The popularity of artificial intelligence has grown to epic proportions. In recent years, we have witnessed the rise of advanced consumer-focused AI through products such as Alexa, Siri, and Telsa autopilot. Businesses, too, have embraced AI. Machine learning is exploding as an application of narrow AI, used to comb through vast amounts of data to better develop and market product. Further still, historically complex games such as Go have been conquered by learning computers.

While these advances are momentous points in human development, the public has been told a lie. We have been duped into viewing these systems as thinking machines.

A thinking machine, a machine with intelligence, cannot be artificial. Artificial intelligence is a simulated intelligence; a cantrip cast upon the public to hide the complex programming behind our virtual assistants, our auto-piloting vehicles, and our game NPC behavior. Certainly, none of us considers these constructs to truly be capable of thought.

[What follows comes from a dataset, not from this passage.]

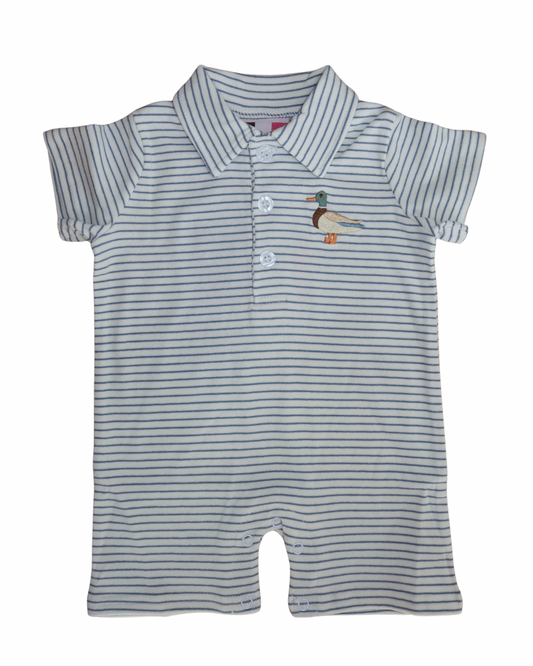 Mallard Duck Blue Stripe Romper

Thus, a simulation of thinking is not, strictly speaking, thinking.

However, a genuine non-human intelligence may not be out of reach if we begin to seriously consider synthetic intelligence. Moreover, the race to create human-like intelligence is folly. Creating intelligence after all is an almost unspeakably difficult problem. Thus, starting with the most complex form may be ill-advised in the context of developing understanding of intelligence models and making honest progress on the problem.

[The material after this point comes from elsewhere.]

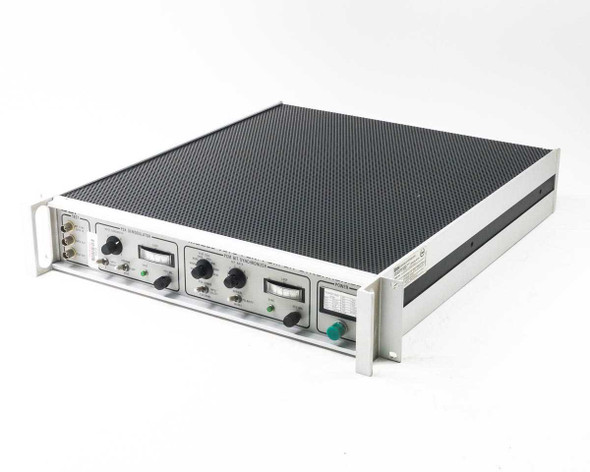Decom Systems DSI 7376 PSK PCM Bit Synchronizer front-right three-quarter view showing full rackmount enclosure and honeycombed top panel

The use of synthetic in the phrase synthetic intelligence does not, as some take it, mean fake. Rather, the use of synthetic implies a synthesis of foundational elements into something that is very much like something else. In fact, the synthesized object often is superior to natural form. Here I purposefully use natural rather than original despite the latter being the term that would be most natural for us to use. Such synthesis typically manifests through some external mechanism that is casually directed. That is, there is the intent to produce the synthesized object through the synthesis process. Moreover, synthesis results in an object that is just as, if not, more real than the original.

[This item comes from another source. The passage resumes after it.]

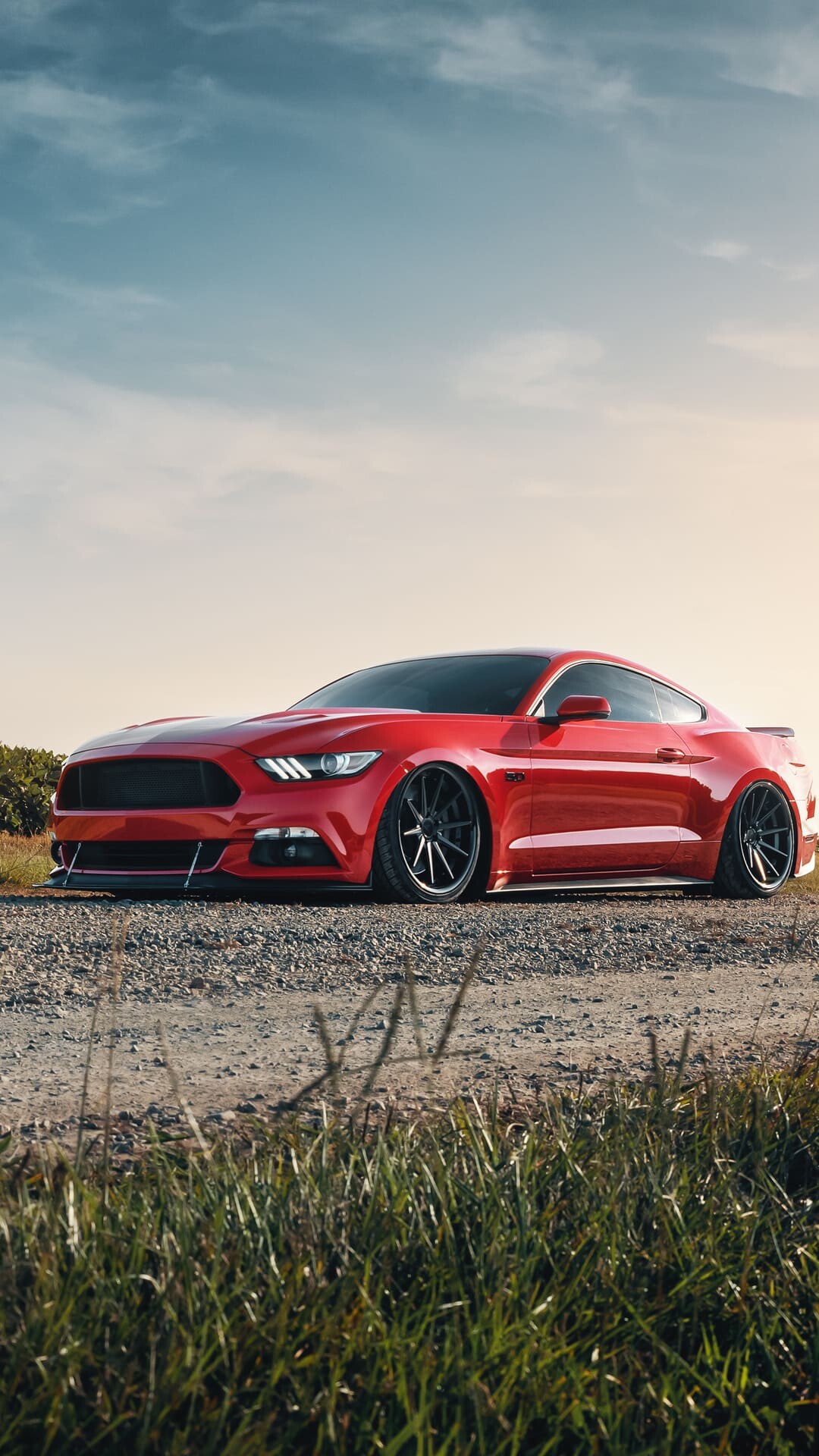 Red Ford Mustang GT, Gravel road field, Dusk cloudy sky Red Ford Mustang GT, Gravel road field, Dusk cloudy sky — 1080×1920 HD wallpaper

Diamonds are an easy example. Synthesized diamonds are still compressed carbon albeit in a laboratory setting as opposed to the earth. Such objects are no less than real than natural diamonds pulled from the ground. Further, synthetic diamonds are flawless in their diamondness; something that natural diamonds rarely achieve.

We are obsessed with imitating human form and intelligence. This is anthropocentrism and egocentrism of the highest order. Amongst animal life, we are but one species within a group of roughly half a dozen that exhibit normative signs of intelligence. Yet, animal life is not the pinnacle of intelligence. For example, there is increasing evidence that plants may possess a form of consciousness. Fungi represent a form of life that is complex and may harbor intelligence. These are just carbon-based lifeforms that exist in our immediate reality. Certainly, there could be other lifeforms or non-carbon-based life yet undiscovered.c

So, why are we content to dabble in mere imitations of intelligence? Why aren’t we exploring the means to synthesize intelligence with goal of not producing a sham mirror of us but rather a unique synthesized mind?

Let this serve as a call to action then. The explosion of interest in, and development of, artificial intelligence is ultimately a dead end. The work will be useful in exposing some, maybe most, of the underlying mechanisms related to consciousness. However, artificial intelligence, by definition, will not produce a mind we can denote as intelligent. Rather, the best we will get is an imitated intelligence, a fake.

Comparatively, if we capture the momentum and refocus slightly so that we revise artificial to be synthetic there is a higher probability of success. Then, the question becomes what is intelligence and how can we synthesize such? Read the next post in two weeks to find out what I believe to be an answer!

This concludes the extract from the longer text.